Problem to solve
Print what the records say exactly, and omit the pictures.
[Supplied material]
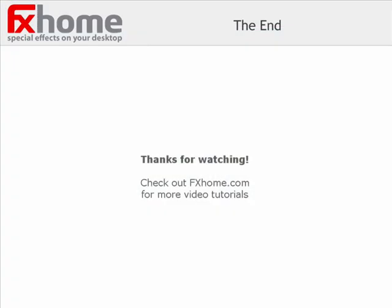I hope this tutorial has been useful. Check out fxhome.com for more video tutorials.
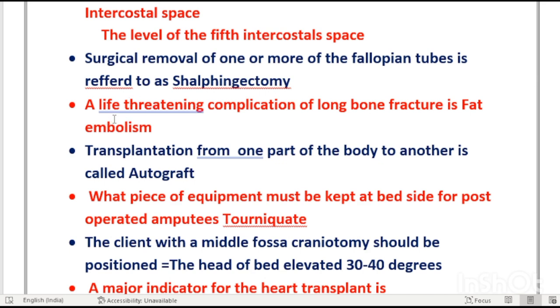The life-threatening complication of long bone fracture (femur fracture) in an accident is fat embolism.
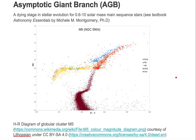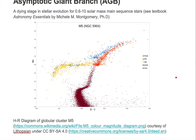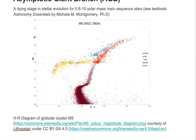Let's take a look at the Asymptotic Giant Branch on an HR diagram. Here's an HR diagram with absolute magnitude on the vertical axis and color on the horizontal axis. We're looking at globular cluster stars in the globular cluster Messier 5, otherwise known as M5. These stars are mostly evolving off the main sequence. Some of them are still on the main sequence, which is noted by this red line that runs from upper left to bottom right.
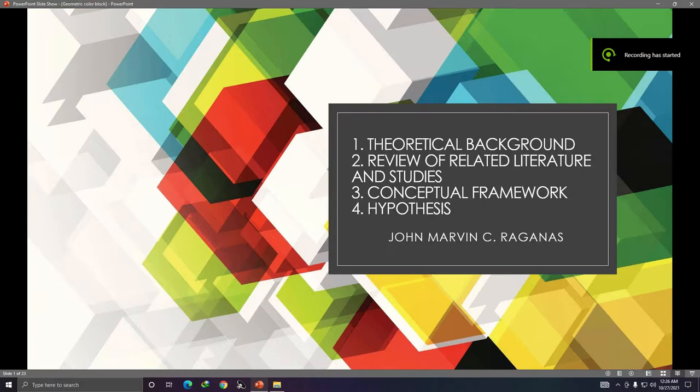Alright, a pleasant day everybody. This is me again, your instructor for Practical Research 2, John Marvin Reganas.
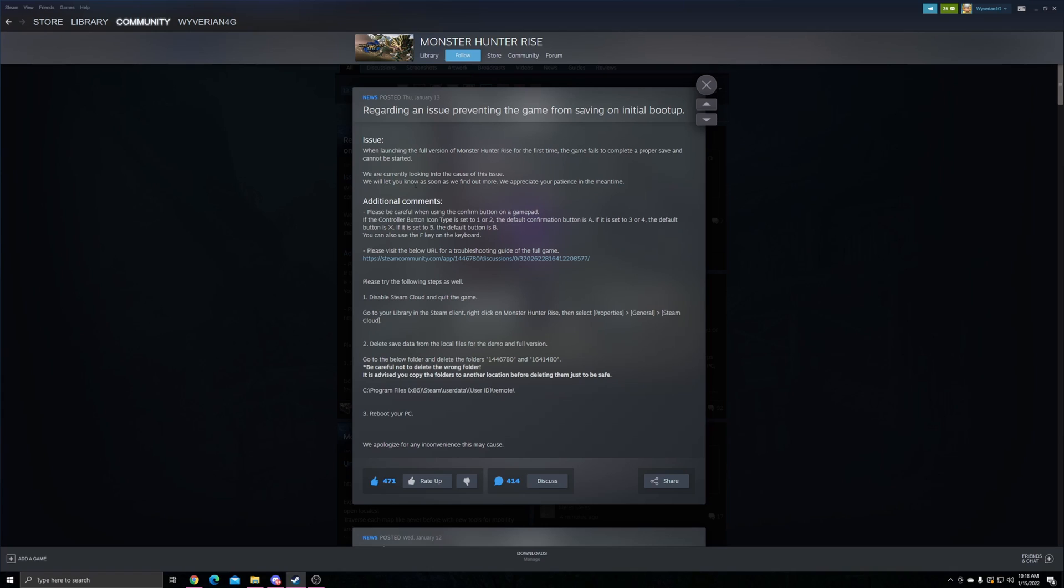The easiest way to do this - Steam kind of tells you but looking for save files on Steam is a headache if you don't know the app ID. Steam tells you to disable Steam Cloud and quit the game, delete save data from the local files for the demo and the full version.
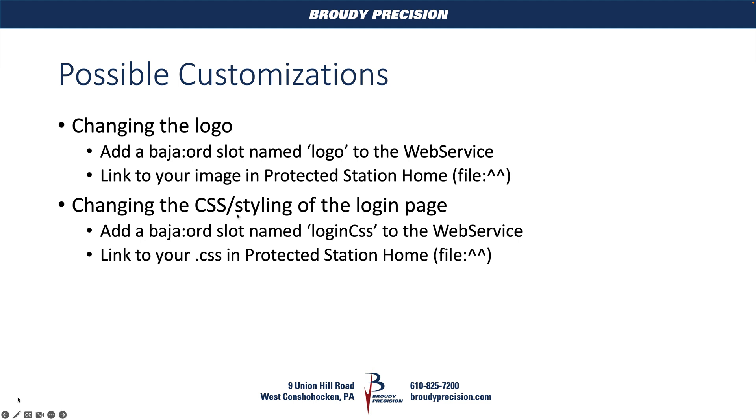And then if you want to change the styling of the login page, you also have that ability. This works the same way. You're going to add an ORD slot to your web service, and this time we're going to call it 'loginCss', and then we're going to link our CSS file to that slot. And that also is coming from our protected station home.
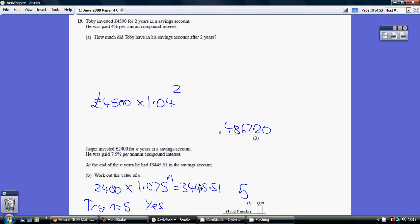So it's just trial and error. Okay, and once you actually try n being 5, so you do 2,400 × 1.075 to the power of n, to the power of 5, you do indeed get 3,445.51. So n, the number of years, is 5.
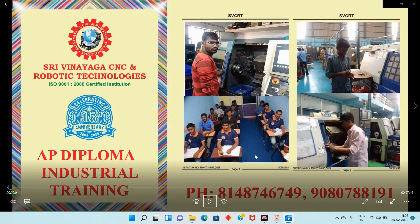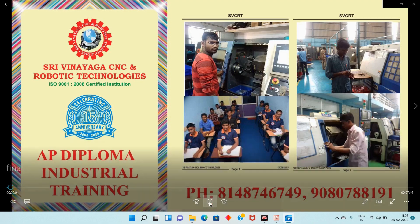Basically, in the 5th semester and 6th semester, Diploma students have industrial training. The advantage of industrial training is machine practical — direct machine practical. The government is giving 6-month industrial training for Diploma students. In our institution in Chennai, we are giving 6-month industrial training for Andhra Pradesh Diploma students.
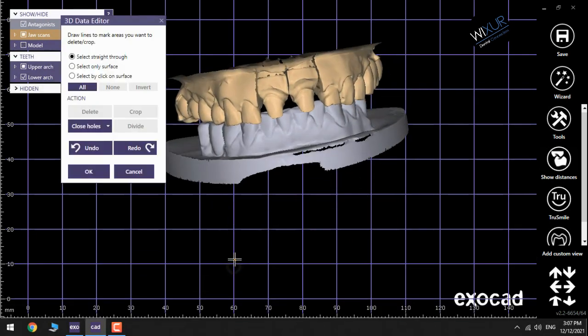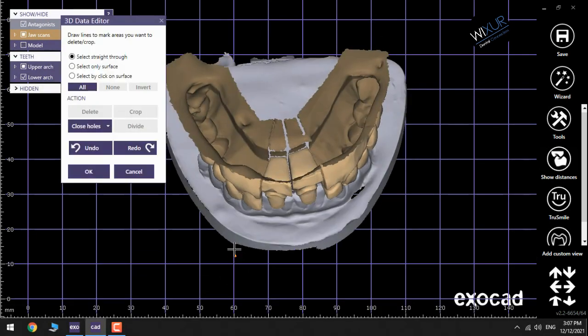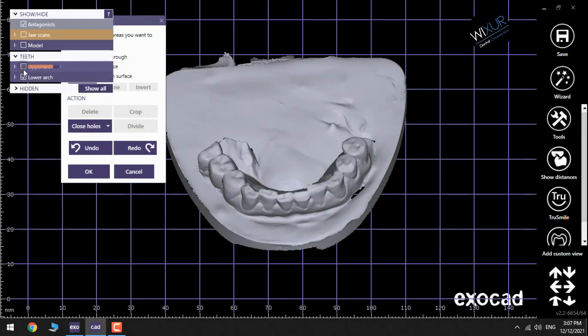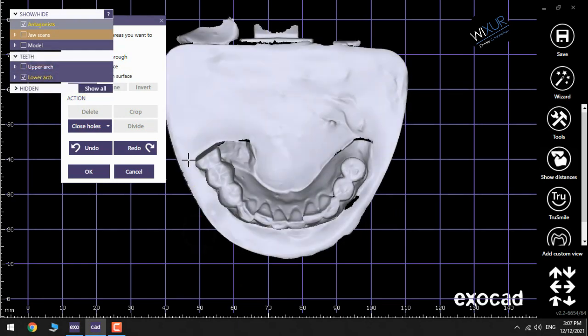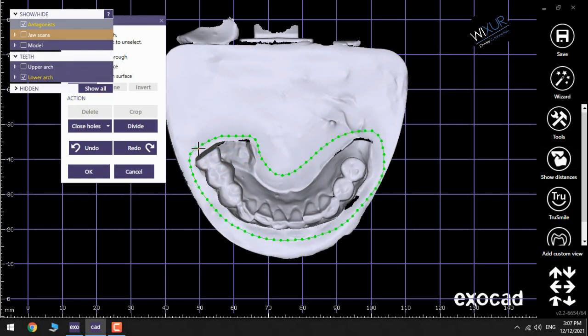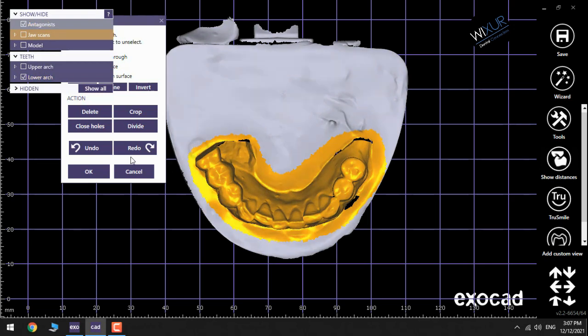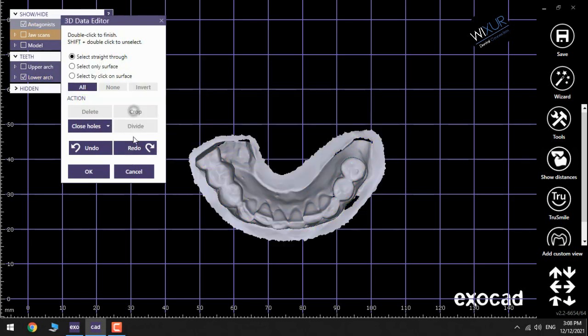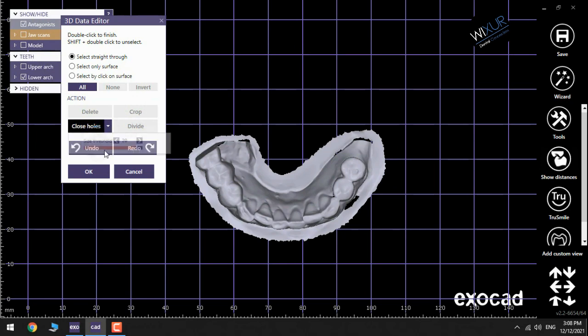Start choosing which part you need by clicking and adding more dots. Click on the mouse, crop, and again close holes the maximum amount and then Okay. Go back to Wizard.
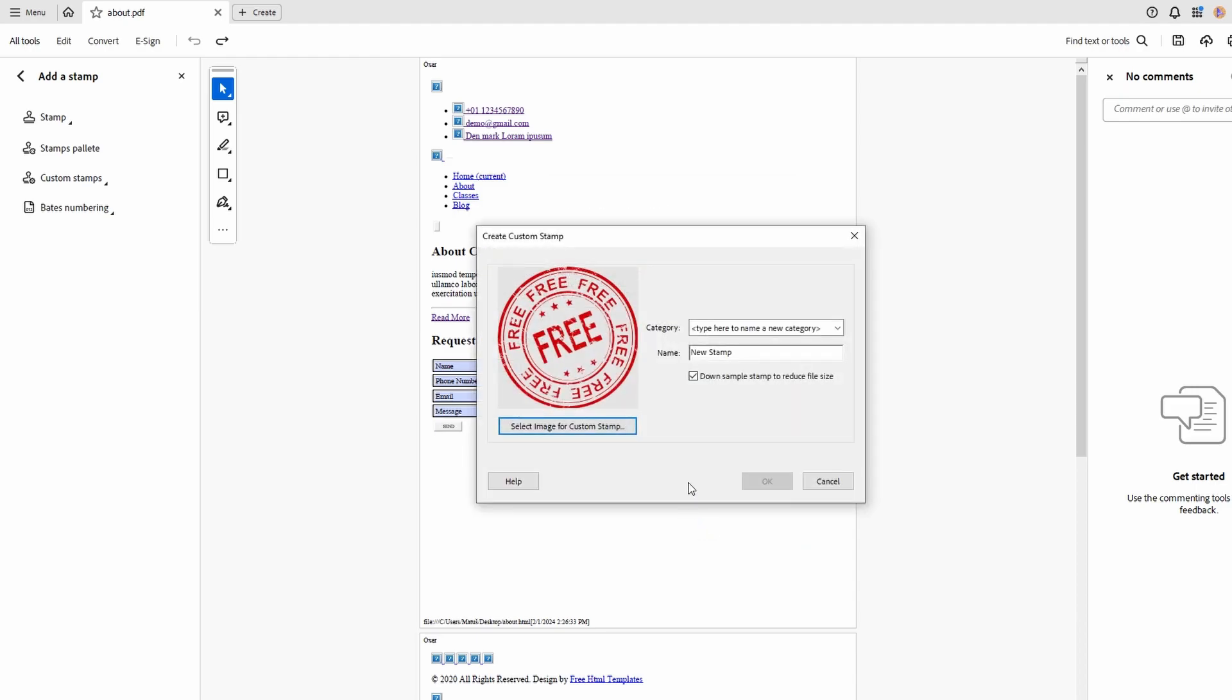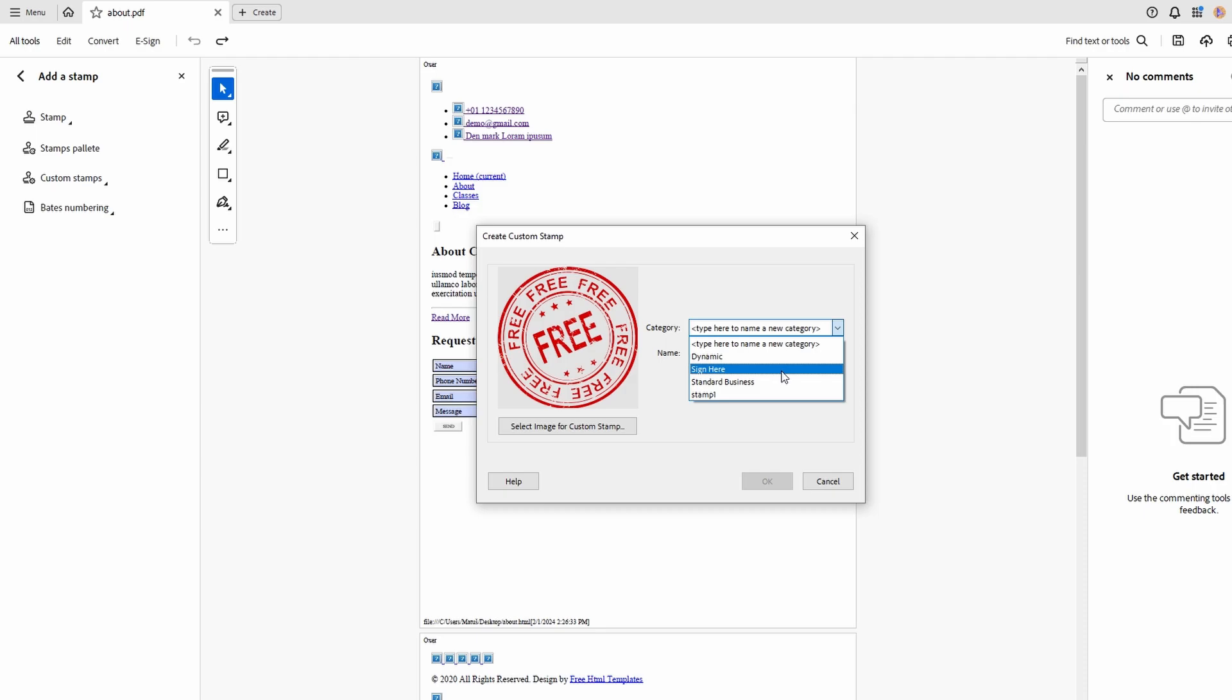Choose Stamp Category. Name the stamp and click OK to finish creating custom stamp.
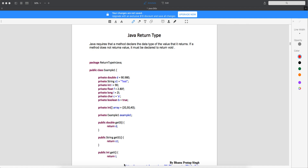Welcome back. In this topic we will try to understand Java return types. In Java, whenever you write any method, that method has a return type. Even though you don't want any return type, you still need to follow the convention and write void. When you write void, it means your method is not going to return anything.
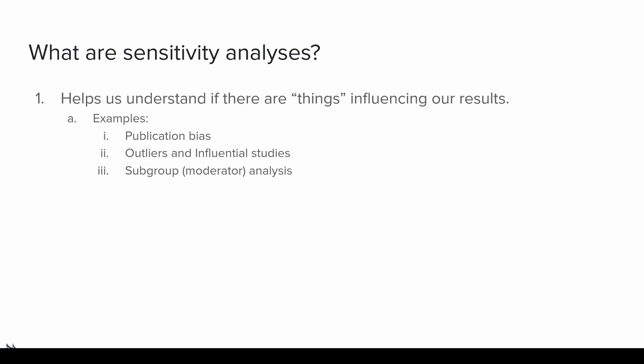However, I will say that personally, I do think that subgroup and moderator analyses are important, but I tend to separate them in my mind from sensitivity analyses. That's not necessarily a right or wrong answer. That's just how my brain works. When I think about sensitivity analysis, I think of publication bias issues, and I think of outliers and influential studies.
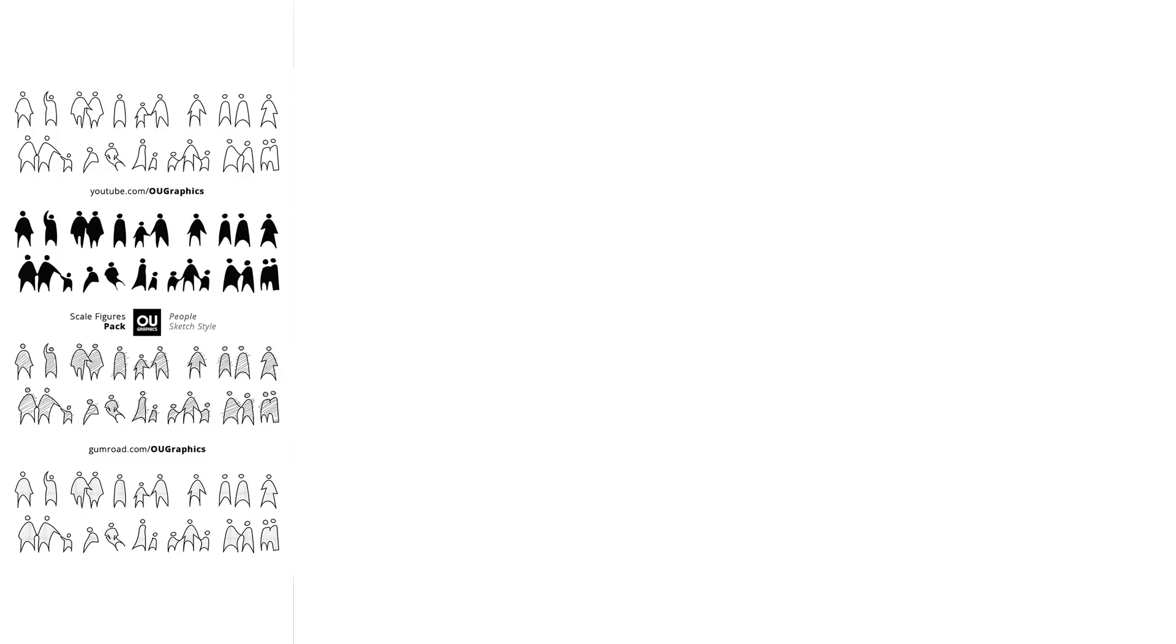What is up guys? O-Graphics in here again.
[/Supplied material]
Output for this exercise
I hope this tutorial has been useful. Check out fxhome.com for more video tutorials.
The life-threatening complication of long bone fracture (femur fracture) in an accident is fat embolism.
Let's take a look at the Asymptotic Giant Branch on an HR diagram. Here's an HR diagram with absolute magnitude on the vertical axis and color on the horizontal axis. We're looking at globular cluster stars in the globular cluster Messier 5, otherwise known as M5. These stars are mostly evolving off the main sequence. Some of them are still on the main sequence, which is noted by this red line that runs from upper left to bottom right.
Alright, a pleasant day everybody. This is me again, your instructor for Practical Research 2, John Marvin Reganas.
The easiest way to do this - Steam kind of tells you but looking for save files on Steam is a headache if you don't know the app ID. Steam tells you to disable Steam Cloud and quit the game, delete save data from the local files for the demo and the full version.
And then if you want to change the styling of the login page, you also have that ability. This works the same way. You're going to add an ORD slot to your web service, and this time we're going to call it 'loginCss', and then we're going to link our CSS file to that slot. And that also is coming from our protected station home.
So it's just trial and error. Okay, and once you actually try n being 5, so you do 2,400 × 1.075 to the power of n, to the power of 5, you do indeed get 3,445.51. So n, the number of years, is 5.
Basically, in the 5th semester and 6th semester, Diploma students have industrial training. The advantage of industrial training is machine practical — direct machine practical. The government is giving 6-month industrial training for Diploma students. In our institution in Chennai, we are giving 6-month industrial training for Andhra Pradesh Diploma students.
Start choosing which part you need by clicking and adding more dots. Click on the mouse, crop, and again close holes the maximum amount and then Okay. Go back to Wizard.
Choose Stamp Category. Name the stamp and click OK to finish creating custom stamp.
Welcome back. In this topic we will try to understand Java return types. In Java, whenever you write any method, that method has a return type. Even though you don't want any return type, you still need to follow the convention and write void. When you write void, it means your method is not going to return anything.
However, I will say that personally, I do think that subgroup and moderator analyses are important, but I tend to separate them in my mind from sensitivity analyses. That's not necessarily a right or wrong answer. That's just how my brain works. When I think about sensitivity analysis, I think of publication bias issues, and I think of outliers and influential studies.
What is up guys? O-Graphics in here again.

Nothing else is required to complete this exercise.